Non solo Stancanelli, comunque, nella dozzina del premio Strega c’è di peggio, anche se mica è facile. Non mancano Mondadori (Eraldo Affinati) e Rizzoli (Edoardo Albinati), che giocano una carta a sorpresa: schierare due autori che fanno rima tra loro. Impresa ardua, ma Monnezzoli ci riesce. Prepariamo un termovalorizzatore, uno di quelli che a Renzi piacciono parecchio.

Ponte alle Grazie mette in campo la Rossana Campo, ma la battuta è troppo facile. Giunti gioca con Antonio Moresco -un vero intellettuale, dicono, pronto per i salotti di Fazio-  e passa il turno pure E/O con Simona Loiacono.
Giordano Meacci di Minimum Fax rievoca Liberty Valence e rafforza la tradizione tutta italiana dei titoli ‘alla cazzo di cane’, come diceva mio nonno.
Neri Pozza e la Lorenza Malaguti ci regalano un romanzo storico che va tanto di moda, non ce lo possiamo far mancare.
Garzanti schiera  Vittorio Sermonti e punta sull’assonanza, visto che non riesce a far rima. Frassinelli va deciso con la Raffaella Romagnolo, tanto per cambiare una donna, le quote rosa debordano. D’altra parte siamo al Premio Strega, mica al ‘premio stregone’.

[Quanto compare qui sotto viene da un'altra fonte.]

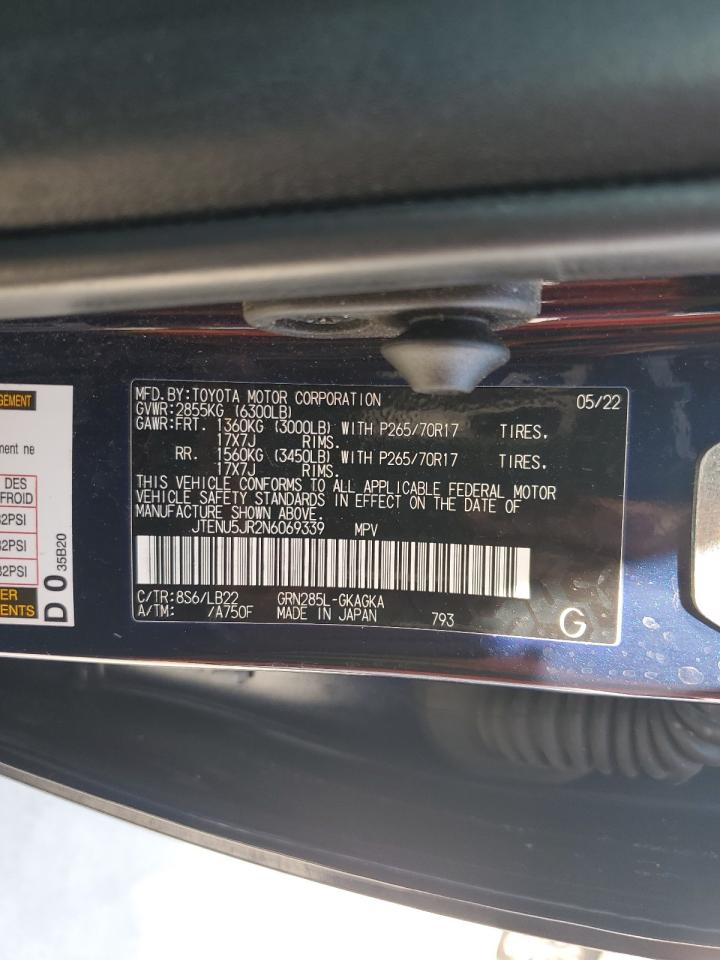 2022 TOYOTA 4RUNNER SR5/SR5 PREMIUM VIN:JTENU5JR2N6069339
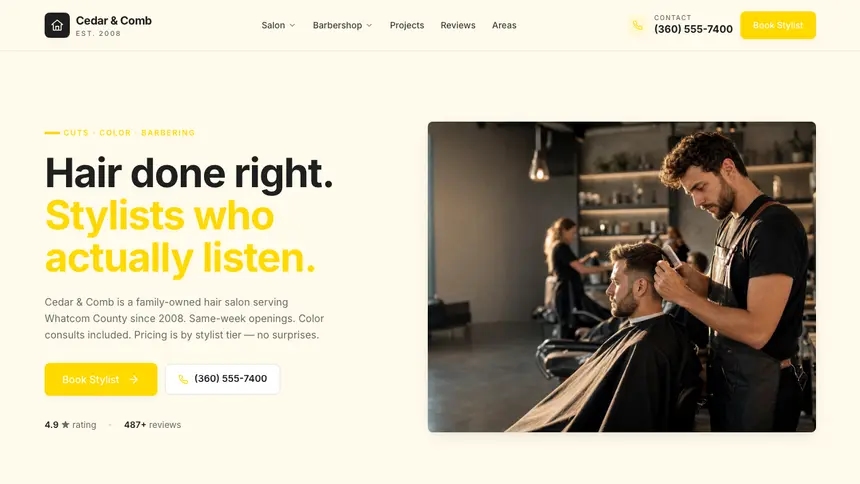 Hair & Barber Refined Tech demo website thumbnail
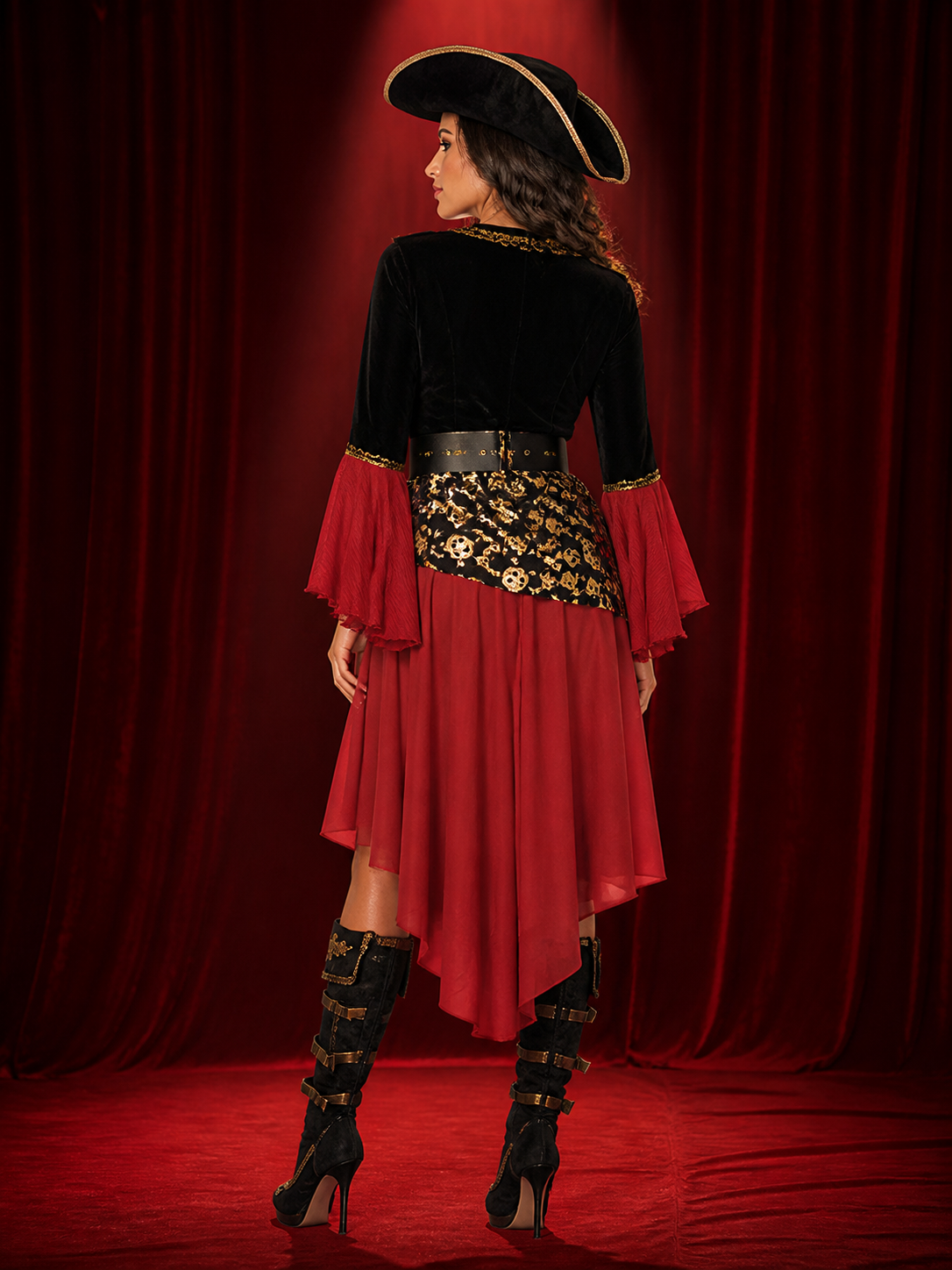 Women's Pirate Costume Dress Set, Red Black Gold, Lace-Up, Hat and Belt back view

Voland scommette su Demetrio Paolin, ma tu guarda c’è anche Voland che a me pareva pubblicasse un tanto a pagina, ma mi sbaglierò, forse c’ha il doppio binario. Tunuè ci fa la sorpresa -dopo tanti bei fumetti- di presentare un romanzo insipido ma accede in semifinale. Autore Luciano Funetta, pure qui regola dell’assonanza, Tunuè fa fumetti, lui si chiama Funetta… Carneade. Chi era costui?

Non so voi, ma io credo che mi rileggerò tanto Pasolini e se avanza tempo passo dal ‘libera libro‘ della Coop e faccio scorta per l’estate di Leonardo Sciascia, Italo Calvino, Elio Vittorini, Ennio Flaiano, Alberto Moravia, Carlo Cassola a costo zero.
Oggi mi son fermato in Autogrill e ho comprato ‘Una stagione all’inferno‘ di Arthur Rimbaud invece della Stancanelli che lascio alla deriva della Nave di Teseo. Buon pro vi faccia se leggerete questi libri, ma dopo bevete un sorso di Strega per digerire il polpettone.